Search the records below for "high"; copy each line that has it.

### RECORDS SUPPLIED

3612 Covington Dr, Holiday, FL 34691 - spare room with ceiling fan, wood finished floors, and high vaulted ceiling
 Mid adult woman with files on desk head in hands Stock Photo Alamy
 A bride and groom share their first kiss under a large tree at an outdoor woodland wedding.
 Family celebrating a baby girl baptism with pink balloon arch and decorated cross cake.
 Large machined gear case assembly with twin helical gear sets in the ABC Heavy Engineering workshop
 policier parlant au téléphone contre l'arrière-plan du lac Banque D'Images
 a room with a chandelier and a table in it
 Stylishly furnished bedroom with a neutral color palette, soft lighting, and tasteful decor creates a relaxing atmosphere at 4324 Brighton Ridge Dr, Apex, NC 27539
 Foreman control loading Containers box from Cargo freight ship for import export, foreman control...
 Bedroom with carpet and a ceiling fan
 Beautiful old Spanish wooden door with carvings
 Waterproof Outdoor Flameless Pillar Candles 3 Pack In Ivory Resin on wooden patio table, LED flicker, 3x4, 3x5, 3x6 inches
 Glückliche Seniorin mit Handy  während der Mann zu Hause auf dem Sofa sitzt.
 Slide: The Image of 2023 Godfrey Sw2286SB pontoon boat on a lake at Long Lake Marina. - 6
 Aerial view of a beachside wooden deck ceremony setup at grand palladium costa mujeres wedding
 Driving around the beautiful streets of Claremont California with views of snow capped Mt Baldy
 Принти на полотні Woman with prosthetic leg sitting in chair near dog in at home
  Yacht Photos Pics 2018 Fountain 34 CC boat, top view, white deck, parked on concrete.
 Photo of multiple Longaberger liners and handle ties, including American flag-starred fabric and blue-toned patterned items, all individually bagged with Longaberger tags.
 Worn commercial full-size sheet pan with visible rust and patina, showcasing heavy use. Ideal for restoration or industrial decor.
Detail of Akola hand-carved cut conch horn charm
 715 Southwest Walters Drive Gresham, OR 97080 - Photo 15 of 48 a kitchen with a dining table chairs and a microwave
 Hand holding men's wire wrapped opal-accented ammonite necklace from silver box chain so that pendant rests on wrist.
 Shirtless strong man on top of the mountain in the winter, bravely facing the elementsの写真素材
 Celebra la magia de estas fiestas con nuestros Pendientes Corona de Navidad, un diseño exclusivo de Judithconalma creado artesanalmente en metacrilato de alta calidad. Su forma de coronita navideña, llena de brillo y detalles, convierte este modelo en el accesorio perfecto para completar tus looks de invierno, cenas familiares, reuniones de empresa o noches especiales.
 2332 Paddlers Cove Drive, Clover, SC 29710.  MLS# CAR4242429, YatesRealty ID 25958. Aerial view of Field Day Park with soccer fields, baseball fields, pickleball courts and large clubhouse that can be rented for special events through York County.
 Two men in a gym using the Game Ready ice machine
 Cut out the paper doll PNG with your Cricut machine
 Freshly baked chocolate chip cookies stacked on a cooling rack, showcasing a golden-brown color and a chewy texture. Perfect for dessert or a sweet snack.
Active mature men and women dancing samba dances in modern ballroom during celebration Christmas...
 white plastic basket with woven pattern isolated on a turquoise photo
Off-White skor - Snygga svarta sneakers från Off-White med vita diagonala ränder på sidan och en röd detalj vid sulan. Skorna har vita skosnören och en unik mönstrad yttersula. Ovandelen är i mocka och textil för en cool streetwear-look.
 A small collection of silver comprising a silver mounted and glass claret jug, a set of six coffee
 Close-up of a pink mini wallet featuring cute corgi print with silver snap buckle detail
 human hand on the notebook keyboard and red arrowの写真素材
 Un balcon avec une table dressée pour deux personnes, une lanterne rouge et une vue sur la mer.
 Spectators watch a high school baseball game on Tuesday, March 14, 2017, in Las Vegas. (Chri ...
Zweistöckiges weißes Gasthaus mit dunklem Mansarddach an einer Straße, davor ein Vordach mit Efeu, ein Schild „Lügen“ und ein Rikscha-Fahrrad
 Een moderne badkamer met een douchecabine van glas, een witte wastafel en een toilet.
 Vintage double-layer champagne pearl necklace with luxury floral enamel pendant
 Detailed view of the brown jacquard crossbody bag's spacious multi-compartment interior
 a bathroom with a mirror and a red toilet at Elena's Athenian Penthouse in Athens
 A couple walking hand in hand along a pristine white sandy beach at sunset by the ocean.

######

#### FINAL ANSWER:
3612 Covington Dr, Holiday, FL 34691 - spare room with ceiling fan, wood finished floors, and high vaulted ceiling
 Spectators watch a high school baseball game on Tuesday, March 14, 2017, in Las Vegas. (Chri ...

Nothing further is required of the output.